ANKARA 15. ASLİYE HUKUK MAHKEMESİ: 4.12.2019 gün ve E:2018/605, K:2019/1001sayı ile, “…Dava, trafik kazasından kaynaklanan ve ilgilisine ödenen tazminatın rücusuna ilişkin başlatılan icra takibi neticesinde açılan itirazın iptali davasıdır.

15/08/2017 tarihli Resmi Gazetede yayımlanan ve yürürlüğe giren 694 sayılı KHK ile 2004 sayılı İİK'nın42. Maddesine idari yargının görev alanına giren konularda ilamsız takibe başvurulamaz hükmünün eklendiği, yine aynı Yasa'ya eklenen geçici 13. Madde kapsamında da bu kapsamda yürütülmüş icra takipleri hakkında itirazın iptali davalarında karar yerilmesine yer olmadığına karar verileceği ve tarafların yaptığı takip ve yargılama giderleri ile vekalet ücretlerinin üzerinde bırakılacağı hüküm altına alınmıştır.
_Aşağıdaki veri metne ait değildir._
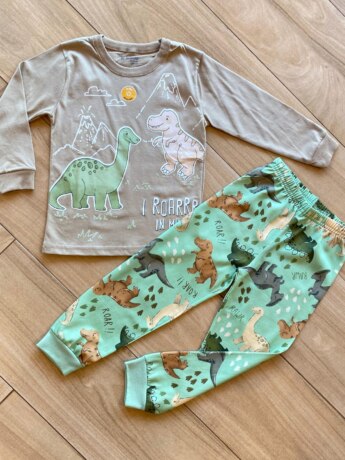 Pijama Infantil Masculino Blusa Manga Longa e Calça Dinossauros Fernanda Ramos Kids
Nitekim; Ankara Bölge Adliye Mahkemesi 25. Hukuk Dairesi'nin 2017/937 Esas, 2017/1230 Karar sayılı ve 18/11/2017 tarihli, İstanbul Bölge Adliye Mahkemesi 9. Hukuk Dairesi'nin 2018/3115 Esas, 2019/512 Karar sayılı ve 29/03/2019 tarihli, İzmir Bölge Adliye Mahkemesi 4. Hukuk Dairesi'nin 2019/92 Esas, 2019/287 Karar sayılı ve 18/02/2019 tarihli kararları da bu doğrultudadır.

Tüm dosya kapsamından davalı idarenin bakım, yapım ve onarımından sorumlu olduğu yol üzerinde yeterli tedbiri almamasından kaynaklanan hizmet kusuru sebebiyle davacının sigortalısı olan dava dışı Ö.K.'a ait araçla yaşanan trafik kazası neticesinde hasar meydana geldiği, davacı sigorta tarafından sigortalıya ödenen bedel üzerinden halefiyet ilkesi uyarınca hasar bedelinin tahsili için Ankara 14. İcra Müdürlüğü'nün 2017/589 Esas sayılı dosyasında 05/01/2017 tarihinde takip başlatıldığı, takibin İİK'nun geçici 13/2. maddesinin yürürlük tarihi olan 25/08/2017 tarihi öncesinde başlatıldığı, Yasa'da bu kapsamda kalan takipler ve açılan itirazın iptali davaları hakkında talep üzerine karar verilmesine yer olmadığına karar verileceğinin ve tarafların yaptığı yargılama giderleri ile vekalet ücretinin üzerlerinde bırakılacağının düzenlendiği, bu kapsamda somut olayda davacı tarafça idari yargının görev alanına giren idarenin kamu hizmeti kusuruna dayanarak dava dışı sigortalı araç malikine ödenen bedelin tahsiline yönelik olarak icra takibi yapıldığı ve yapılan itiraz üzerine açılan iş bu davada davalının 25/06/2019 tarihli dilekçesi ile İİK'nun geçici 13/2. Maddesinin uygulanmasının talep edildiği, takip tarihinin ilgili Yasa maddesinin yürürlük tarihinden daha önce olduğu ve davalının talebinin Yasa kapsamında olduğu anlaşılmakla 2004 sayılı İİK'nun geçici 13. Maddesi uyarınca davanın esası hakkında karar verilmesine yer olmadığına karar verilmiş aşağıda belirtildiği üzere hüküm kurulmuştur.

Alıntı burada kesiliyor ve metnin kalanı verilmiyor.